See the bestseller charts for books in India, and we find it also is dominated by mythological fiction, a genre only found in India.
See the bestseller charts for books in India, and we find it also is dominated by mythological fiction, a genre only found in India.

Science fiction is the most important literature in the history of the world because it is the history of ideas, the history of our civilisation birthing itself. Anything you dream is fiction, and anything you accomplish is science; the whole history of mankind is nothing but science fiction, which is central to everything we have ever done, said the famous American author, Ray Bradbury. If we observe the past two centuries, one can see the rise of modern science is intricately linked to the rise of science fiction in the west. It is no coincidence that a wave of science fiction that dreamed wildly about the future preceded the giant strides that Europe and America took to their age of prosperity and progress. In Japan, the wave of science fiction started in the eighties. The Chinese are now making waves not just in science, but in science fiction too.

The miracles of science we are enjoying today were once the fantasy of a sci-fi writer. What was once laughed at has become mundane and routine now. The scientist and the storyteller complement each other. We are the stories we tell ourselves. What we feed our children’s mind with would define how our future would shape. Unfortunately, Indians are stuck in the past. It may sound ironical, coming from someone who is making a living by writing mythological fiction in different mediums like books, TVs and films. To be fair to me, I have tried to take a rational approach to our Puranas, at least in my novels.

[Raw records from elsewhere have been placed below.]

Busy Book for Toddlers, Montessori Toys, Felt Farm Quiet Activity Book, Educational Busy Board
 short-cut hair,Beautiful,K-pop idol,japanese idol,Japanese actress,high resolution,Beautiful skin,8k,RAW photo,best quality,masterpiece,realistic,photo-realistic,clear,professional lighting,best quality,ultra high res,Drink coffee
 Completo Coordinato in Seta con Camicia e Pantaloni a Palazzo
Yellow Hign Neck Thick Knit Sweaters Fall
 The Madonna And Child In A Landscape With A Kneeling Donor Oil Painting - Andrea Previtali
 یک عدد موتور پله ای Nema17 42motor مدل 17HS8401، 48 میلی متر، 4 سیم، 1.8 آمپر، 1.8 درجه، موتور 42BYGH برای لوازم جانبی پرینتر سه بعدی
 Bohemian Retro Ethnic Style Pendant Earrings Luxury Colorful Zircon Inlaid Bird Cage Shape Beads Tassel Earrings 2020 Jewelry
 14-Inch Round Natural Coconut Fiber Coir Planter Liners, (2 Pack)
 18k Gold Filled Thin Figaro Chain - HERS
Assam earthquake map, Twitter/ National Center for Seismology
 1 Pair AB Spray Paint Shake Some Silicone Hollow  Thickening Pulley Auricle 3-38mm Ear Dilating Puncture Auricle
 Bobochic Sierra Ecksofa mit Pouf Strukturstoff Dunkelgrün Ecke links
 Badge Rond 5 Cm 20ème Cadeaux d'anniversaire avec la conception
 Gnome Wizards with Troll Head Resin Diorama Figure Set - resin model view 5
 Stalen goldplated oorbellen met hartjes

It is another matter with TV and films, which are totally market-driven. We are a civilisation having a history of many thousand years, and there is nothing wrong in having some historical and mythological fiction. Some pride in past achievements, real and fictional, is also acceptable. There is no tax for feeling proud about the past, so it can be a harmless pastime. The problem is when it becomes an obsession.  

When did an Indian sci-fi film or TV show get the production budget of a Bahubali or a Padmavat? Even when the rare attempts were made, they became an excuse to show superstar antics. Perhaps, Indian films have been feeding Indians with stunts that defy all rules of physics and logic for so long, that they have ceased to believe in science. See the bestseller charts for books in India, and we find it also is dominated by mythological fiction, a genre only found in India.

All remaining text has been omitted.